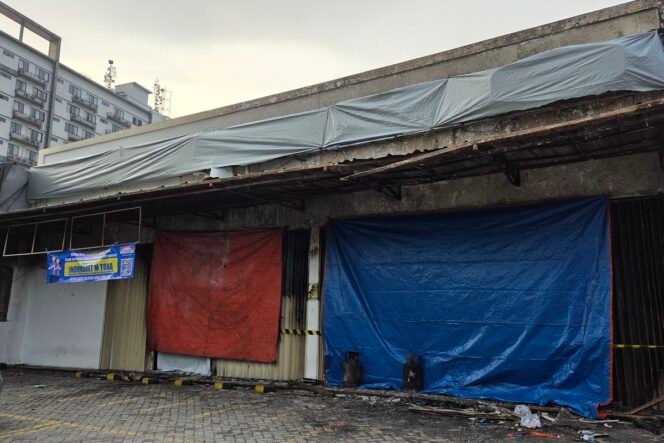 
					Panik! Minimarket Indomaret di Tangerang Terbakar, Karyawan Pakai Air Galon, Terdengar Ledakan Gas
...
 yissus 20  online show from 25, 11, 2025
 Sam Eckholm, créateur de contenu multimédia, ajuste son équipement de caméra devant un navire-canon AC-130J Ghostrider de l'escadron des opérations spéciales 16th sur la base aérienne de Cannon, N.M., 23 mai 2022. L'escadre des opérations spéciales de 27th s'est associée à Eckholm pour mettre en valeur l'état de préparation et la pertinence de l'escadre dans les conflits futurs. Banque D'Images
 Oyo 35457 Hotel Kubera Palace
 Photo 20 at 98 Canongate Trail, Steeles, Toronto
---
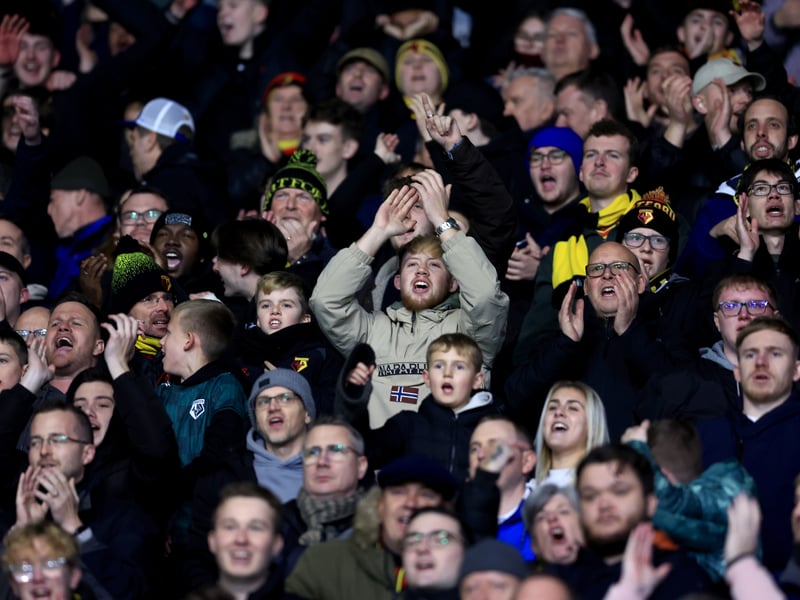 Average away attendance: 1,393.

Work to complete:
Would you copy out exactly the lines above that start at the one containing "Sam Eckholm, créateur" and end at the one containing "Photo 20 at", inclusive?

Task solution:
 Sam Eckholm, créateur de contenu multimédia, ajuste son équipement de caméra devant un navire-canon AC-130J Ghostrider de l'escadron des opérations spéciales 16th sur la base aérienne de Cannon, N.M., 23 mai 2022. L'escadre des opérations spéciales de 27th s'est associée à Eckholm pour mettre en valeur l'état de préparation et la pertinence de l'escadre dans les conflits futurs. Banque D'Images
 Oyo 35457 Hotel Kubera Palace
 Photo 20 at 98 Canongate Trail, Steeles, Toronto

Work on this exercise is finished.